The Essential HR Handbook, 10th Anniversary Edition: A Quick and Handy Resource for Any Manager or HR Professional
  This fully updated 10th anniversary edition is packed with information, tools, checklists, sample forms, and timely tips to guide you through the maze of personnel issues in today's complex business environment.

References Can Be Decisive

November 18 2019 - Despite the emphasis placed on strong resumes and interview performance, the results of a reference check can be decisive in determining the outcome of a job application, according to an online survey of 600 senior managers conducted earlier this year for Accountemps.
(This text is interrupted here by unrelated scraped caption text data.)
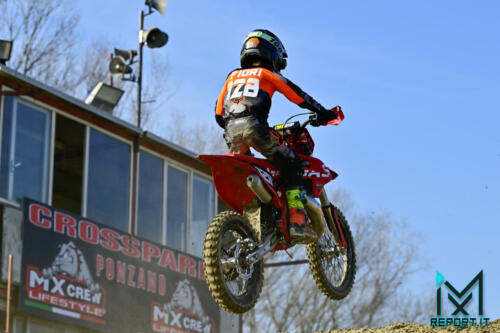 2° trofeo F.Fiori '23-1112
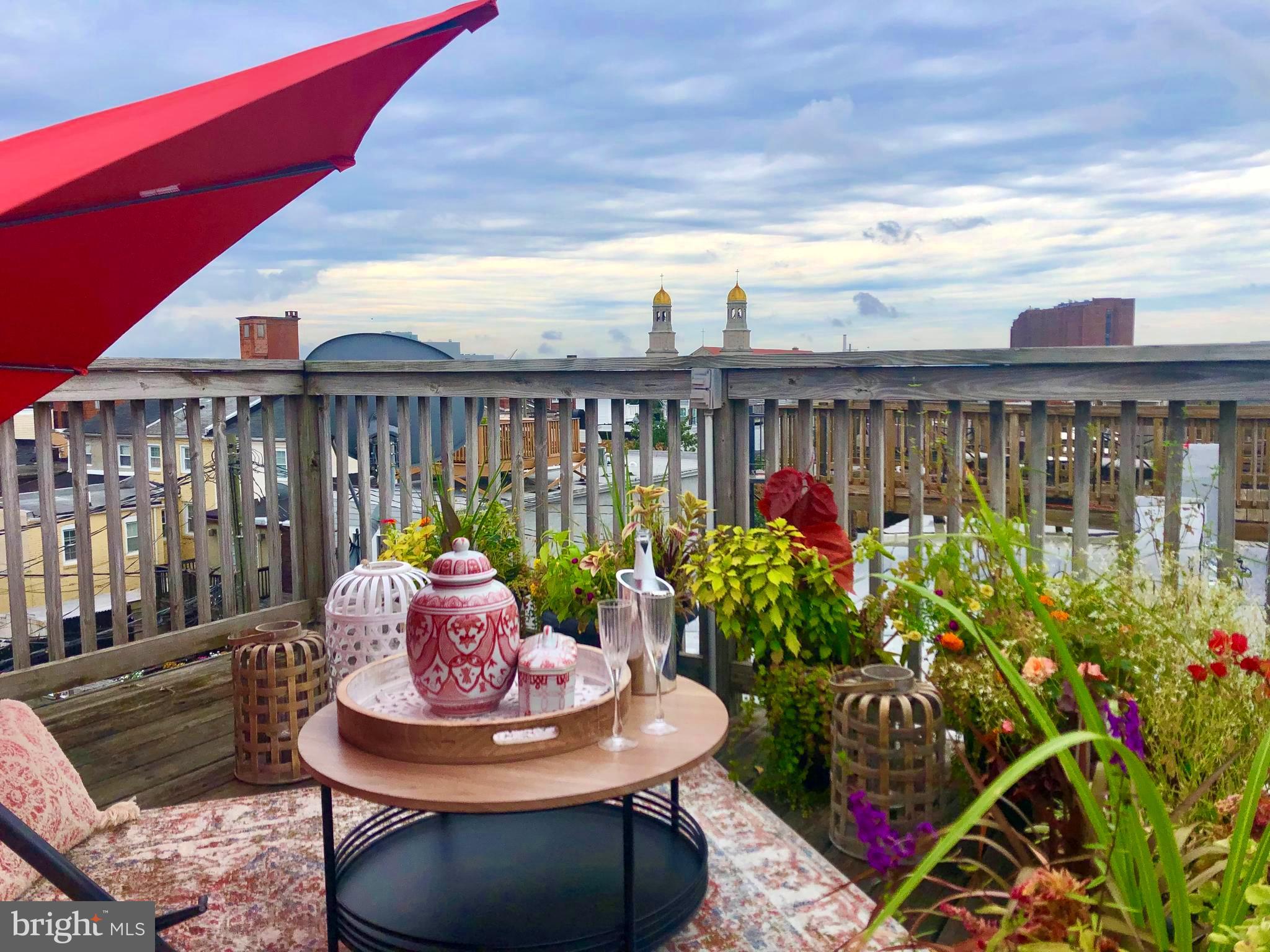 CANTON SQUARE - Residential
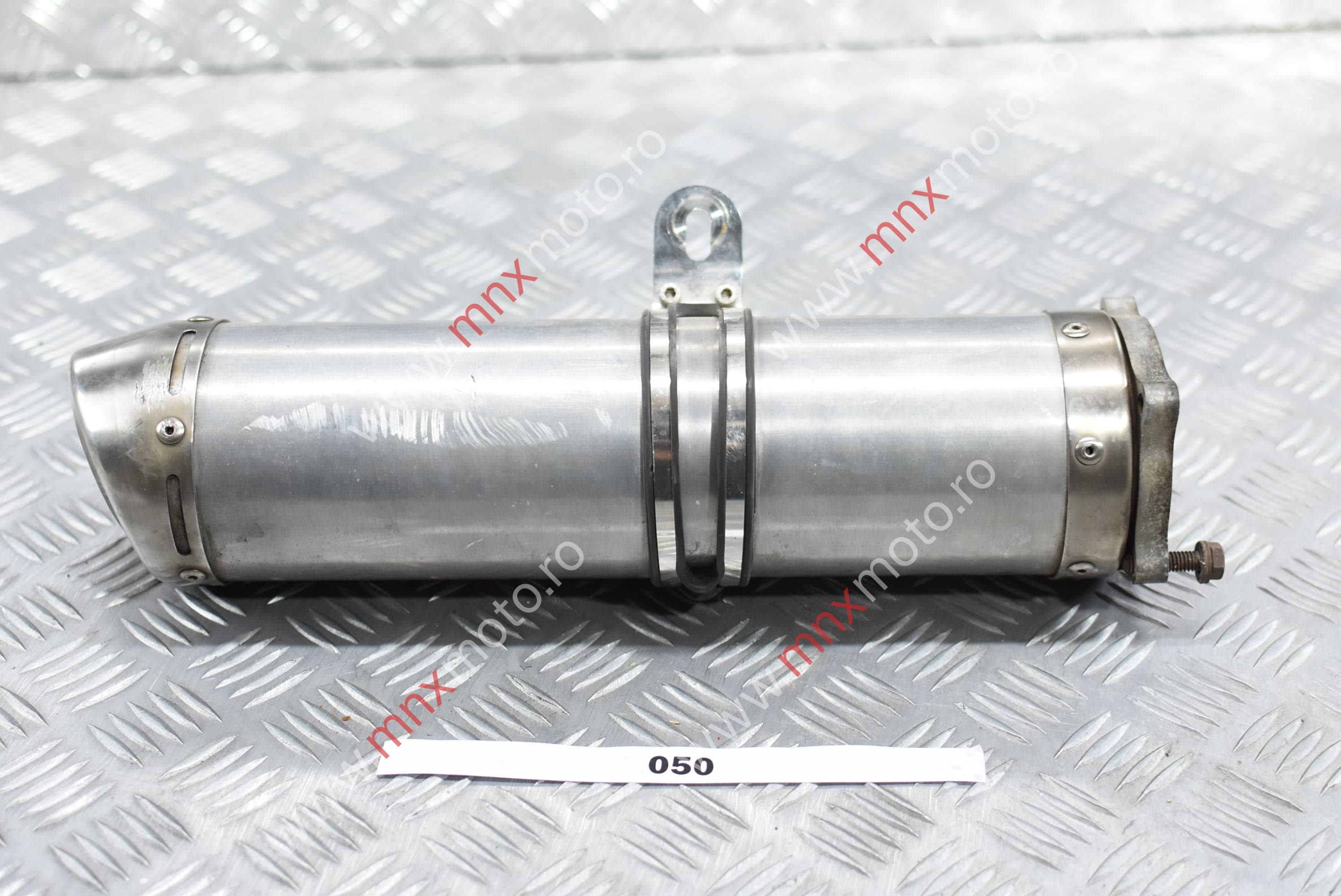 Evacuare finala goala aftermarket Kawasaki ZX12R (2000-2005)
The survey reported that managers removed one third of candidates from consideration for a position with their organization after a reference check.

Arguably, references can provide prospective employers with a stronger sense of whether or not a potential recruit fits their skill requirements and workplace culture. Senior managers in the survey said they were most interested in getting:

  • a view of the applicants' strengths and weaknesses, and
  • a description of their past job responsibilities and work experience

David King, Canadian president of Accountemps said:

"During the hiring process, reference checks can make or break your chances of landing a job. Rather than approach references as an afterthought, providing ample notice and preparation are key to ensuring a positive endorsement that reflects well on your candidacy.

"Anticipate questions about your strengths and weaknesses by discussing them with your references ahead of time. Make sure they can speak to how you're continuing to develop your skills and why your background makes you not only a great fit for the role, but an asset to the company."

David King provided these tips for candidates to ace a reference check:

  1. Do your homework - Invest as much care in choosing your references as you put into polishing your resume. Consider who could best speak to your abilities for the specific opportunity and whether their company policy would restrict them from doing so.
  2. Ask first - Don't let the hiring manager surprise your contacts confirm their interest and availability to serve as a reference for you. If they agree, keep them up to date on the hiring process and let them know when to expect a call
  3. Be proactive - Don't wait until a prospective employer asks you to provide a reference list. Early in the process, reach out to references and let them know you're pursuing a new opportunity. The more prepared you are, the more effective they can be.
  4. Say 'thank you.' - Follow up by sending a note to let those who spoke to the hiring manager know how much you appreciate their time and endorsement. When possible, return the favour; your reference may need you to speak to their abilities in the future.

Digital Reference Checking: the Magical Number 4

Some organizations have upped their game by using digital methods to make reference checking more stringent. Using traditional methods companies call an average of 2.4 references. Digital automation tools give hiring managers access to many more references than would be feasible by telephone.

According to Checkster the confidentiality of the digital process allows referees to feel more comfortable about giving candid feedback on candidates. The process should also be more holistic and similar in many ways to peer reviews.

Yves Lermusi, CEO, Checkster commented: "It's a myth that reference checking is a waste a time. Research has shown that digital reference checking is one of the best selection processes and checking four references ensures that candidates aren't cherry-picking the few references who will say good things about them."

Checkster conducted an analysis of more than 51,000 references and concluded that four references was the ideal number for quality hires and to prevent turnover. Data analysis of the total number of references who provided feedback on the candidates in the study was correlated with first year turnover. According to their news release:

"Candidates who had three or less references providing feedback showed significantly higher rates of turnover and no shows on first day of employment. The biggest difference between obtaining two and four references was an increase in involuntary turnover and no show by as much as 80%."